*** MATERIAL TO PROCESS ***
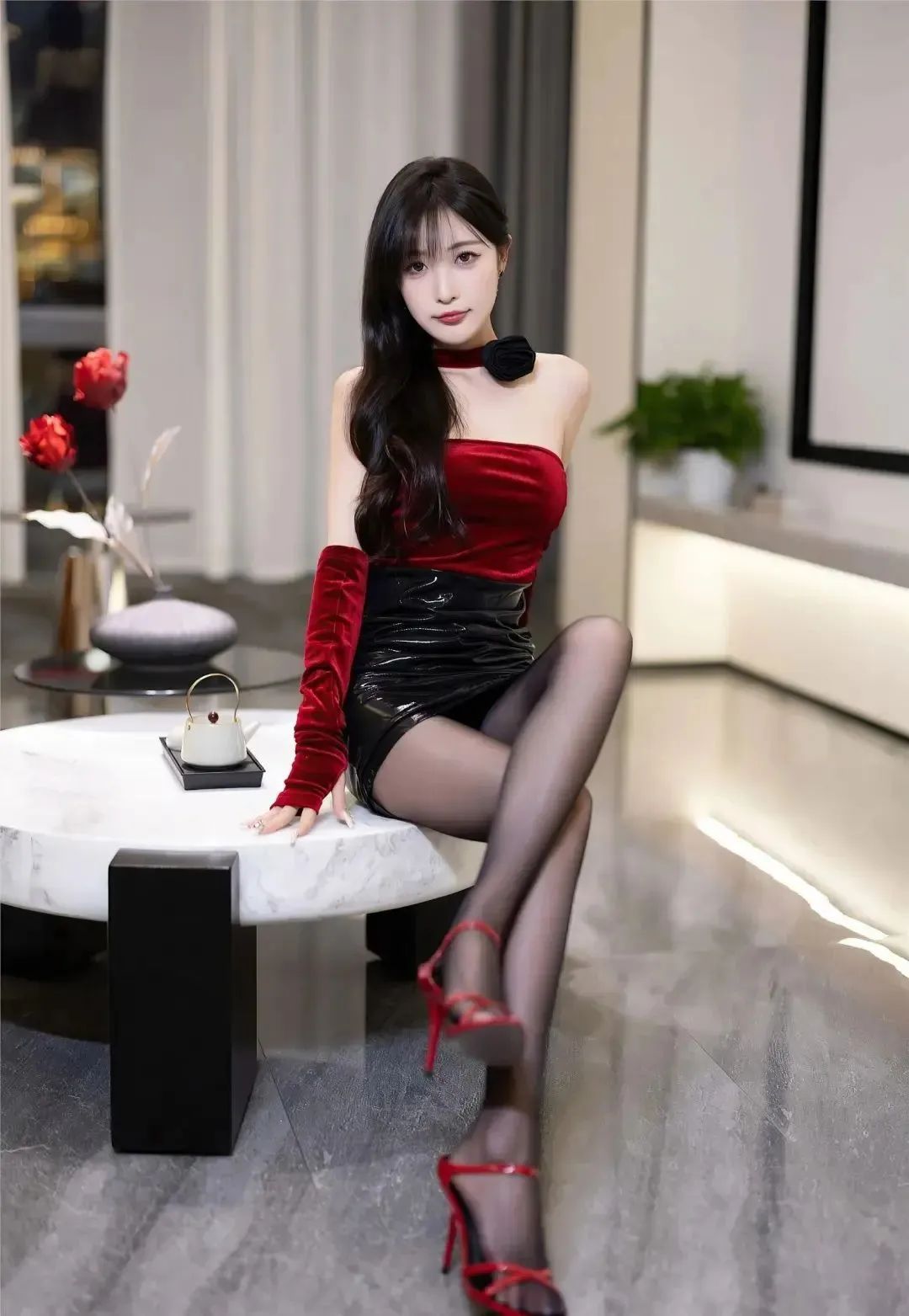 美图赏析|这香肩大长腿谁看谁不迷糊？ - 炫图天下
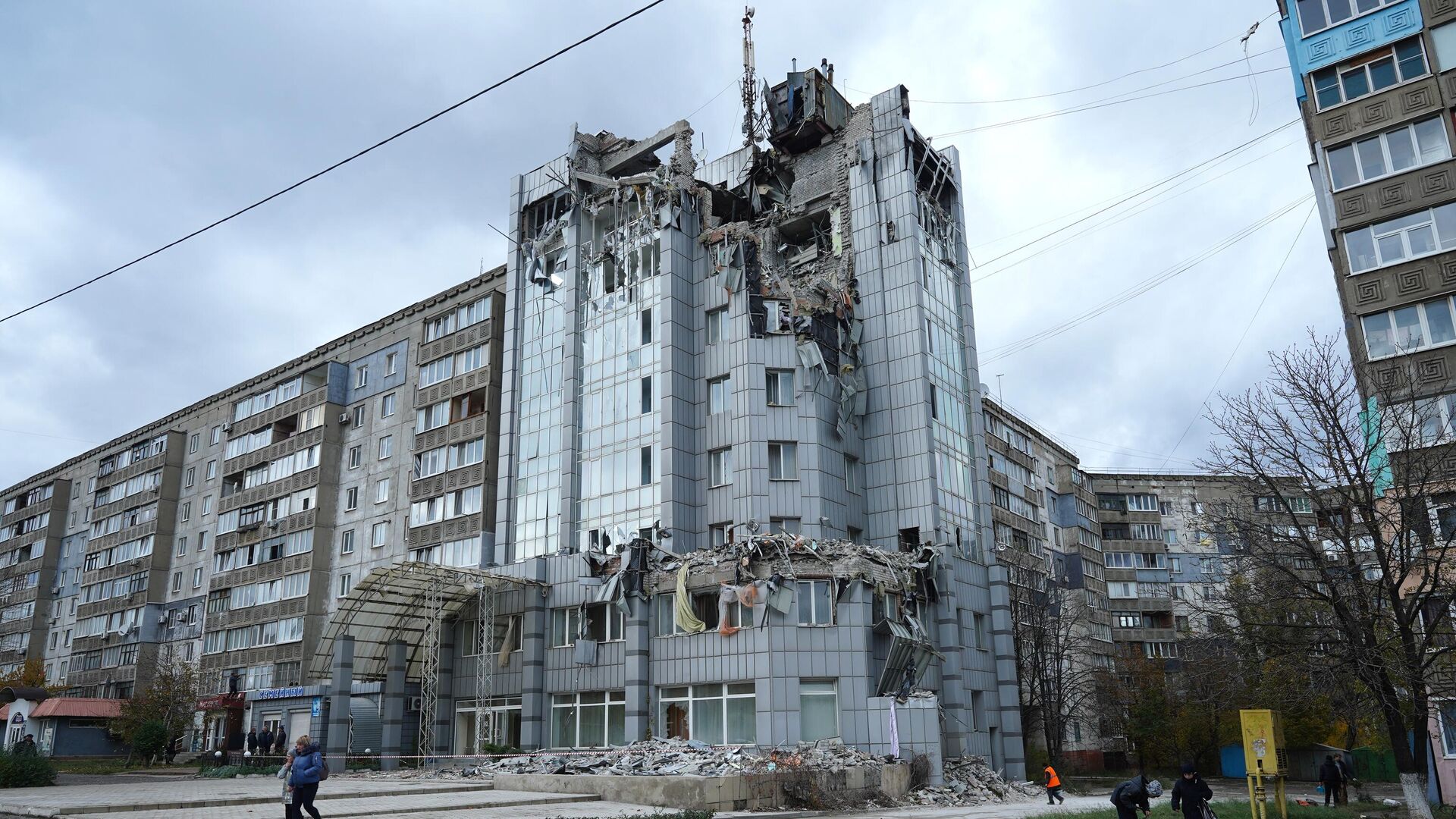 Здание гостиницы, поврежденное в результате обстрела ВСУ из РСЗО HIMARS Алчевска - РИА Новости, 1920, 14.12.2022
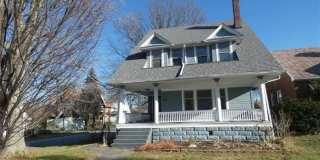 Gorgeous 4 bed, 2.5 bath in Lakewood Gallery 1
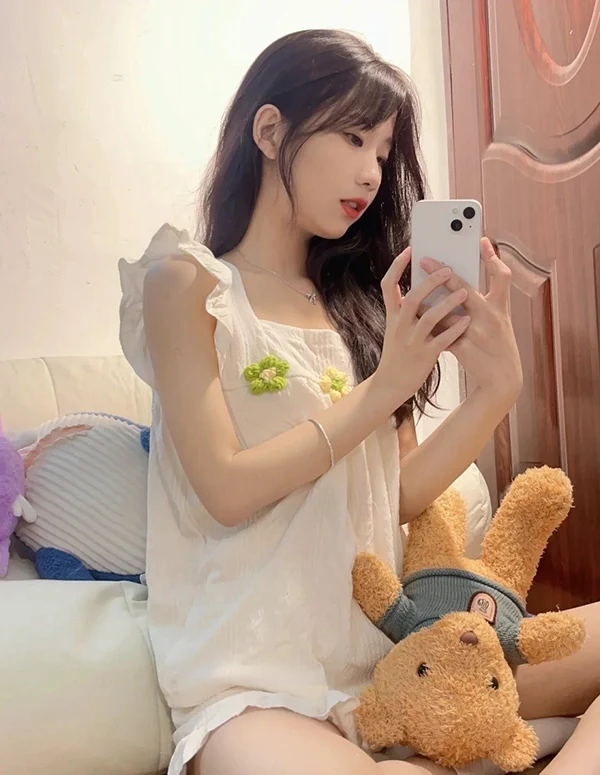 Loạt hình gái sexy quyến rũ mặc bộ ngủ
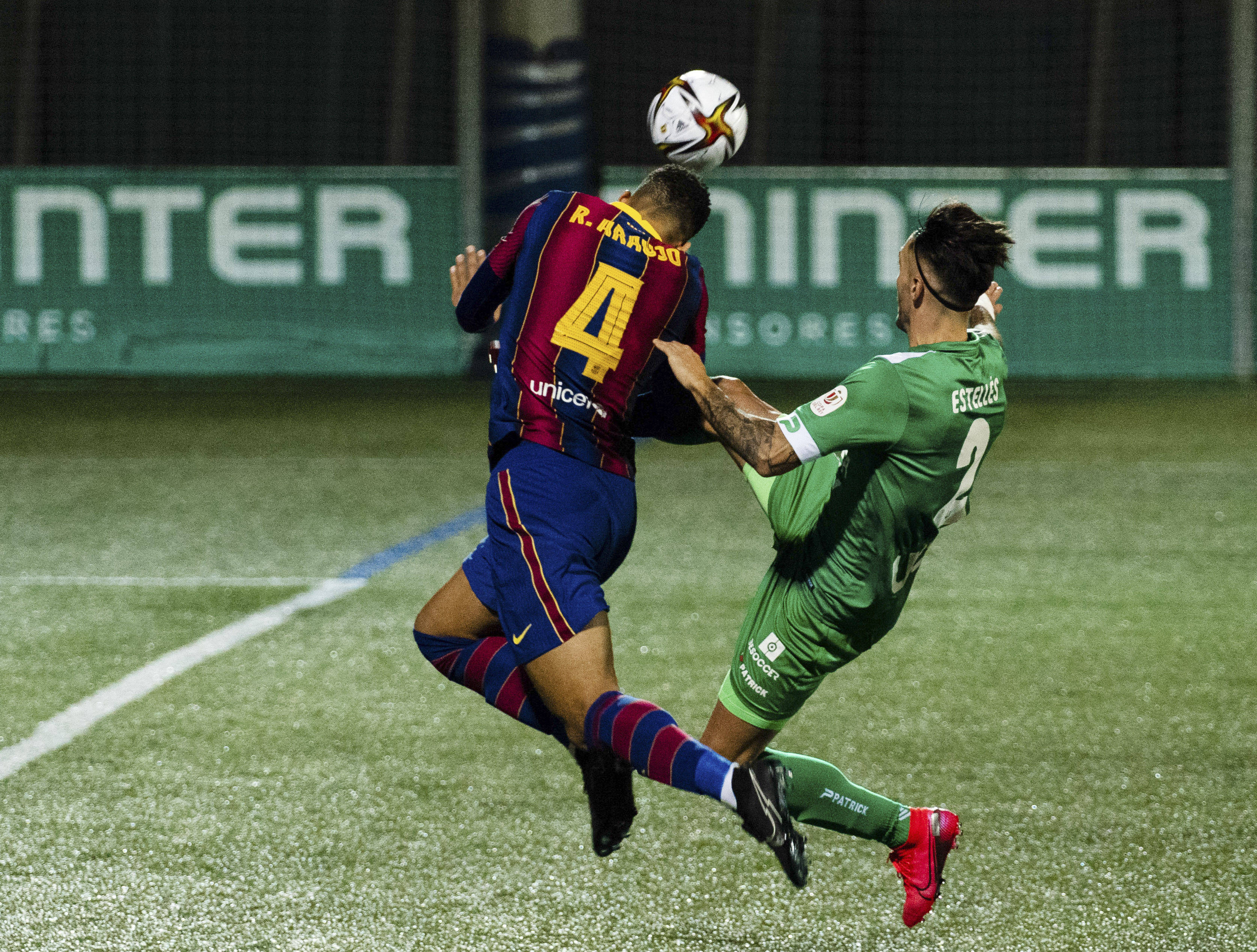 国王杯窗口期走向成谜，上海海港远射贴柱，管理层满意，身体对抗强度拉满(李多海面试完整版)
***
*DIRECTIONS FOR THIS TASK*. Everything in the entries above must be output again exactly, except the pictures.

*TASK RESPONSE*.
 美图赏析|这香肩大长腿谁看谁不迷糊？ - 炫图天下
 Здание гостиницы, поврежденное в результате обстрела ВСУ из РСЗО HIMARS Алчевска - РИА Новости, 1920, 14.12.2022
 Gorgeous 4 bed, 2.5 bath in Lakewood Gallery 1
 Loạt hình gái sexy quyến rũ mặc bộ ngủ
 国王杯窗口期走向成谜，上海海港远射贴柱，管理层满意，身体对抗强度拉满(李多海面试完整版)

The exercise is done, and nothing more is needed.